Es simplemente las manos, es el placer de sentir el material. Es lo que siento, dependiendo del volumen que tenga, el color y cómo se desliza, las sensaciones te van marcando.
De las exposiciones que has realizado, ¿cuáles son las que destacas?
Hubo una en el Museo Iconográfico en Guanajuato, donde me dieron una sala con una pared de fondo muy alta. Cuando la vi, pensé: “eso perfectamente podría ser una capilla”. De ahí nació la serie que se llama Ascensión.
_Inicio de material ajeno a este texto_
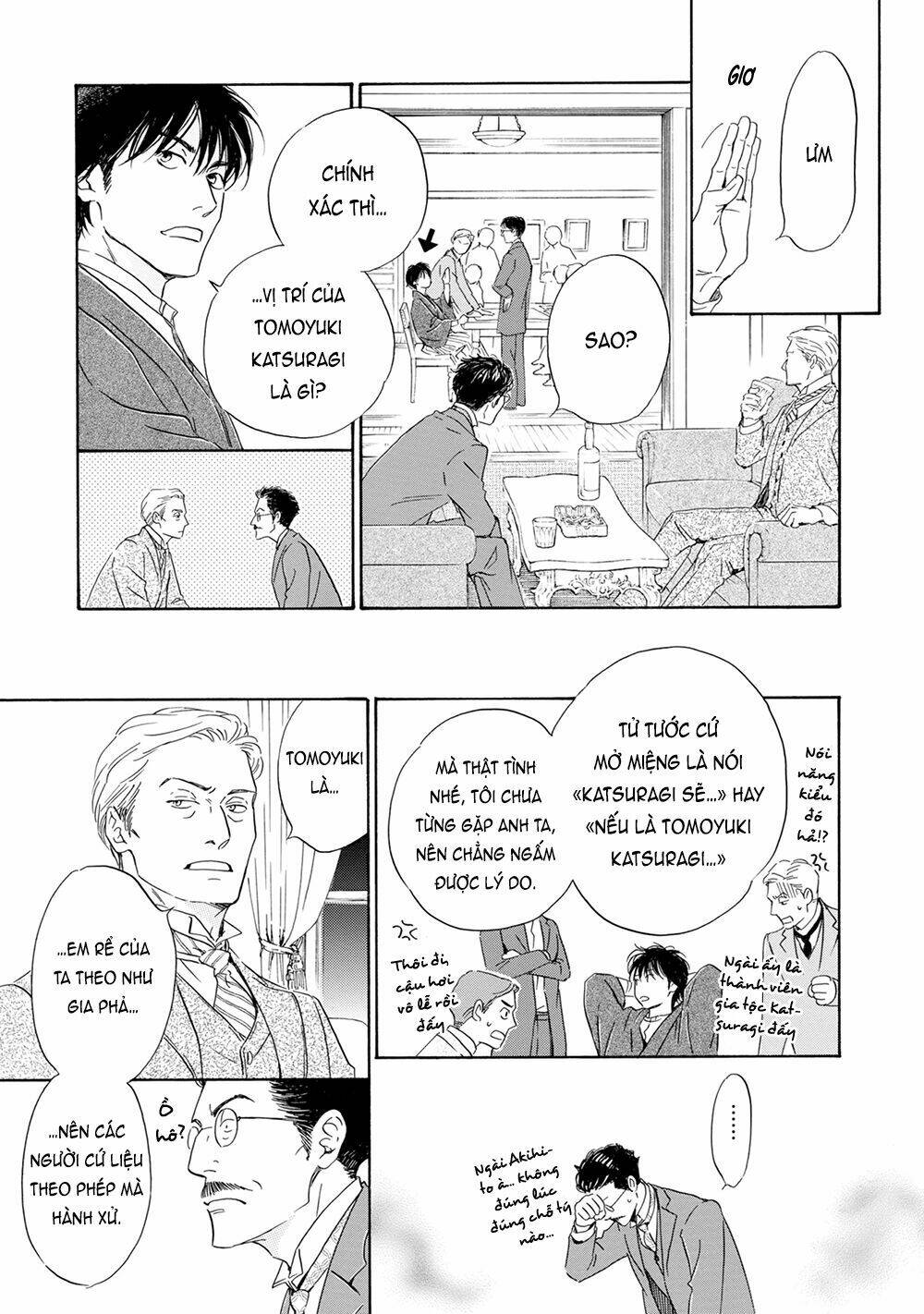 Bình Minh U Sầu - Chapter 46 - Page 10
He expuesto en el Museo de la Ciudad de León, Nueva York, Madrid y en Venecia, en la galería Palazzo Pisoni – Revedin, que es de las muestras que más me ha tocado. Venecia es mágico.
Son de esos lugares que debes conocer alguna vez en tu vida. Es un mundo diferente; para mí fue una vibración de alegría mayúscula.
¿Cómo percibes los espacios de arte en la ciudad de León?
Conozco a muchos artistas aquí, a grandes artistas. Pero veo que falta reconocimiento al artista local. Faltan quizás más salas de exposición públicas que le den importancia al artista.
Hay muchos que tienen que salir de la ciudad para ser conocidos. Creo que falta presupuesto, tiene que haber una intención.
Algo que veo en Europa y que aquí no: en el British Museum en Londres, en el Museo del Prado o en Italia, hay maestras de niños, incluso de kínder, por los pasillos, con pequeños sentaditos en el suelo reproduciendo obras de arte.
Con esto se va poniendo una semilla, absolutamente. Siempre hago el periplo de los museos a las ciudades que voy. Esto solo lo ves en Europa, ni siquiera lo ves en Estados Unidos, que tienen grandes museos.